令和のきらら系アニメを象徴する存在
『ぼっち・ざ・ろっく』は高校生4人が「結束バンド」というバンドを結成し、ライブハウスや路上、学校などでの演奏経験を通じて音楽的・人間的に成長していく姿を描いた作品だ。TVアニメは2022年10月-12月に放映され、2022年を代表する作品の一つとして高い評価を獲得している。
本作は『まんがタイムキララMAX』にて連載が始まった同名の漫画作品を原作としており、いわゆる「きらら系」と呼ばれる系譜に属する。実際アニメ作品においても、いい意味で間の抜けたゆるやかな日常や、キャラクターの可愛らしさを強調するような描写といった、きらら系作品に共通の特徴がいくつも見受けられる。
しかし『ぼっち・ざ・ろっく』の画期的な点は、きらら系作品としての枠組みを守りながらもその世界観に一定の客観性を有しているところだ。例えば「結束バンド」のメンバーである4人の演奏力は、どんなに絶えず練習を積み重ねても高校生レベルの域を出ない。それは彼女たちが特別な才能に恵まれているわけではなく、バンドに憧れを持つただの女の子に過ぎないからだ。ゆえにライブハウスでの演奏も簡単には許可してもらえない。仮にライブを開くことができたとしても、必死にそのチケットを売り回ったとしても、ひとたび雨が降ってしまえば残酷なまでに客足は遠のいてしまうのだ。
主人公の「後藤ひとり」の内面描写にもそうしたリアリティが見られる。いわゆる陰キャで友達と呼べる人が誰もいないという彼女だが、「クラスメイトに話しかけて欲しくてギターケースをこれ見よがしに背負って登校する」「やたらと自己評価が低く、いつも周りから蔑まれているのではないかと怯える」といった描写には、視聴者層も相まって多くの人の共感を呼んだのではないだろうか。共感というよりも、もはや共感性羞恥といっても差し支えないかもしれない。

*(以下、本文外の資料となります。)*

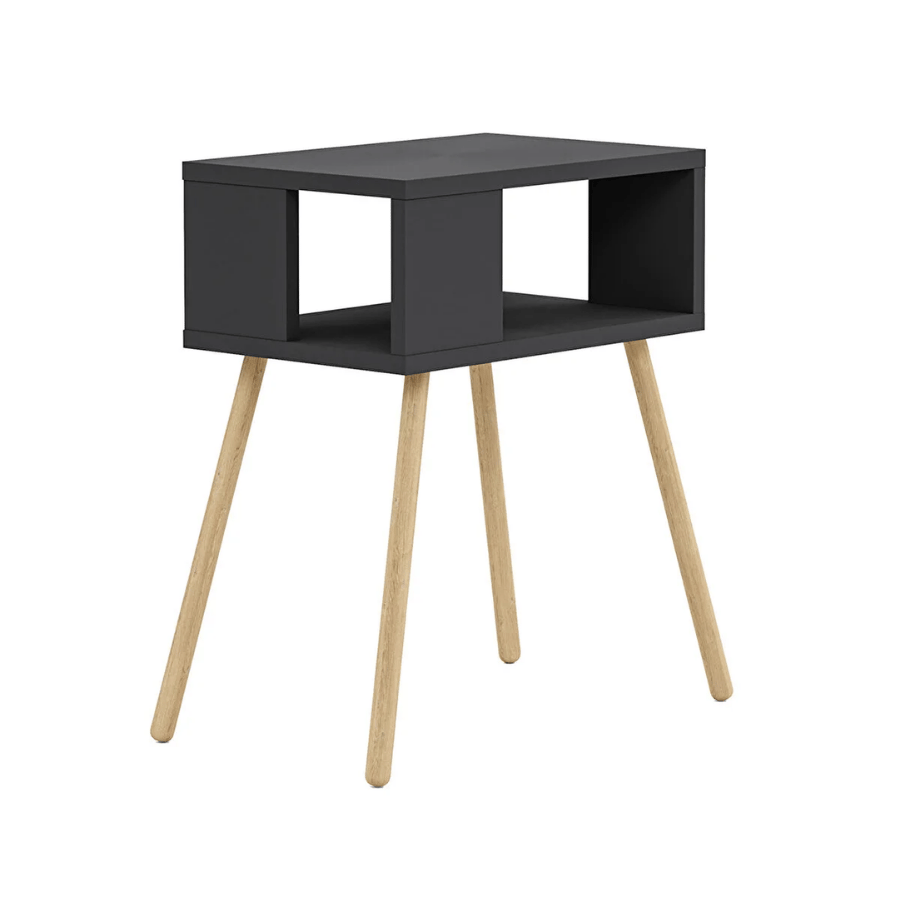 Noptiera cu picioare din lemn si raft deschis, 44 x 29 x 18 cm, stil scandinav modern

理想郷や優しい世界の提供を視聴者から求められているきらら系作品にとって、これらの描写は一見相容れないもののようにみえる。しかしこれらは視聴者に強い当事者意識と作品への没入を実現させた。日常社会では目立たない存在である後藤ひとりが、インターネットではソロギターの腕が高く評価されている(かつ顔出しをしていないので現実のバンドメンバーは気づかない)という一面は、私たち誰もが持つ「自分は本当はすごい人間なんだ」という想いに寄り添っている。4人での「演奏」が高校生レベルに過ぎないからこそ、後藤ひとりによるギター「独奏」力の高さが際立つとともに、このクオリティが条件付きでしか発揮されないことにもどかしさを感じる。そのもどかしさは視聴者を作品に引き込む原動力となり、彼女が土壇場で力を発揮した時にそれがカタルシスとなって視聴者の心を鷲掴みにするのだ。
『ぼっち・ざ・ろっく』と極めて対照的な作品として挙げられるのが、同じくバンドをテーマにしたきらら系である『けいおん』であろう。『けいおん』が「放課後ティータイム」という箱庭の中であたたかく育まれる物語であるのに対し、『ぼっち・ざ・ろっく』は絶えず外部からの刺激にさらされながら成長していく物語だ。同じ題材を持ちながらもここまで方向性の違う作品である『けいおん』と『ぼっち・ざ・ろっく』がどちらも大きな話題を呼んだのは、両者の間に10年余りの年月の隔たりがあるからだろう。『けいおん』が提供する閉鎖的なユートピア世界に視聴者が憧れる時代は終焉を迎え、『ぼっち・ざ・ろっく』のように視聴者と作品世界とに接点を持たせた救済的側面を有する作品が受け入れられるようになったのだ。